Intrigue piques when Norval’s perfect facade comes undone. He admits to leading a sober life, an admission which predictably disgruntles David. Norval even goes to pretentious lengths to impress his father, lying that he knows famous musicians and embellishing his music industry clout. This stretch of truth leads to one of the best name-dropping scenes ever, with McHattie evincing the perfect amount of droll skepticism in response. The veteran character is such a roller coaster of visceral reflex and emotional outburst that he manages to elevate an otherwise inane narrative. With fearsome alacrity, Stephen McHattie delivers the year’s earliest glimpse of a strong “Best Supporting Actor” contender.
The bigger puzzle is wondering which genre ensnares Elijah Wood’s paranoia this time. Certain audio cues hint at poltergeist home invasion, while other interactions suggest imminent filicide. Timpson enjoys throwing clues, only to pull the rug from underneath just when viewers believe they’ve figured it out. The downside is that once the movie does show the goods, the taste runs foul. Certain dark comedic elements are difficult to stomach, especially when mountains of gore become obtrusive (and in some cases unnecessary). The film’s gratuitous violence has no greater purpose than pure shock value, lacking the kinetic energy of a Tarantino bloody shoot-out or even the savage yet hypnotic rhythm of a Jeremy Saulnier thriller.

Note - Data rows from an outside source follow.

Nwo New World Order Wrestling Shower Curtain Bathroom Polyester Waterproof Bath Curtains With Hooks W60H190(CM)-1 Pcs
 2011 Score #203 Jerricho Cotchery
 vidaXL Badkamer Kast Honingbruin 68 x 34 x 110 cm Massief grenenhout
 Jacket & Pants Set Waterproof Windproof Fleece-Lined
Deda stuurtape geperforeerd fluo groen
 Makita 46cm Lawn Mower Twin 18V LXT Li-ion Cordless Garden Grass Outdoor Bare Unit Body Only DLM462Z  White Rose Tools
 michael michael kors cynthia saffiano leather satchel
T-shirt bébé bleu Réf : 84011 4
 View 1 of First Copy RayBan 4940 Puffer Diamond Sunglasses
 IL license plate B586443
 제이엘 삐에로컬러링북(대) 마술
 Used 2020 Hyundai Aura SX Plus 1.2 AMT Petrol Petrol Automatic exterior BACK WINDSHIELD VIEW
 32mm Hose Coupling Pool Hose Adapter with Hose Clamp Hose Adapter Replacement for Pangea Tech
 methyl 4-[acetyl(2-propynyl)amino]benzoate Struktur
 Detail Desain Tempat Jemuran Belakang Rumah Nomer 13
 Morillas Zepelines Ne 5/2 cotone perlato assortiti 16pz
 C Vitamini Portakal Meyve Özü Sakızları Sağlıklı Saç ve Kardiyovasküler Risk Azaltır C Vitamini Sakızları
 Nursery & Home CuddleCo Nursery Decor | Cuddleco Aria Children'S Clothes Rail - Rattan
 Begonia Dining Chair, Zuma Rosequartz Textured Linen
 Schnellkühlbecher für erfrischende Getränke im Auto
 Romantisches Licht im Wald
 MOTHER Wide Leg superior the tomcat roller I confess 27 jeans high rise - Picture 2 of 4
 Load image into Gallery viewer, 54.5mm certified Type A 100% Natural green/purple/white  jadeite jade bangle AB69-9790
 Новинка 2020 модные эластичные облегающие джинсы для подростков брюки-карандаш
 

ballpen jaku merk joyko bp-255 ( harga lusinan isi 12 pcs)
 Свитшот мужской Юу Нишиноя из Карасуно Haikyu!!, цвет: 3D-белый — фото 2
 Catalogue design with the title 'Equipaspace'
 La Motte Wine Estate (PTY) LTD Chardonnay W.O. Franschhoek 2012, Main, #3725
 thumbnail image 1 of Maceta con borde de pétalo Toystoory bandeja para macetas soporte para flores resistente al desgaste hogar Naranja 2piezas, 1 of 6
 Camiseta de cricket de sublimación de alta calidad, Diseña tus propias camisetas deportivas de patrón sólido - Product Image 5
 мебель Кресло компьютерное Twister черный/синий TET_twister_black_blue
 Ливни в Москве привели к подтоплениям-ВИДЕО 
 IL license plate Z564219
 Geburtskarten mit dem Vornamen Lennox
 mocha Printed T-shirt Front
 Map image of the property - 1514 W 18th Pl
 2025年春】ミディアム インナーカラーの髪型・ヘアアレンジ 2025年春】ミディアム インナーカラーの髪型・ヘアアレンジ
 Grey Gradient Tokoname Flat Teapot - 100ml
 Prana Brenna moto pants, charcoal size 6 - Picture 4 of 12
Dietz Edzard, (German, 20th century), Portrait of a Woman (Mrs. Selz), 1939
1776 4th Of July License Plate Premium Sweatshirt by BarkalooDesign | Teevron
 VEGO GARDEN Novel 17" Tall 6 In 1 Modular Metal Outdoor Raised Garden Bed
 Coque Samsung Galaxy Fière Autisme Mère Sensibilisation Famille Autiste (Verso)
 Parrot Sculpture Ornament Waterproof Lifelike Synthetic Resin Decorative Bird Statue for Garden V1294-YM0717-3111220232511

“Come to Daddy” starts off with immense promise by alluding to the inescapable horrors a father can unwittingly attach to their offspring. Yet it devolves into aggressive mutilations and disgusting confrontations. In fact, the indie thriller is the vulgar equivalent of “Jackass” with how far it’s willing to push audiences’ tolerance level. Thematic substance evaporates once the raucous second-half takes over, so focused on topping its visual disgust from scene to scene that it loses all semblance of familial appeal. When it comes to “Come to Daddy,” sometimes it’s best to leave surface level-interactions exactly as they are.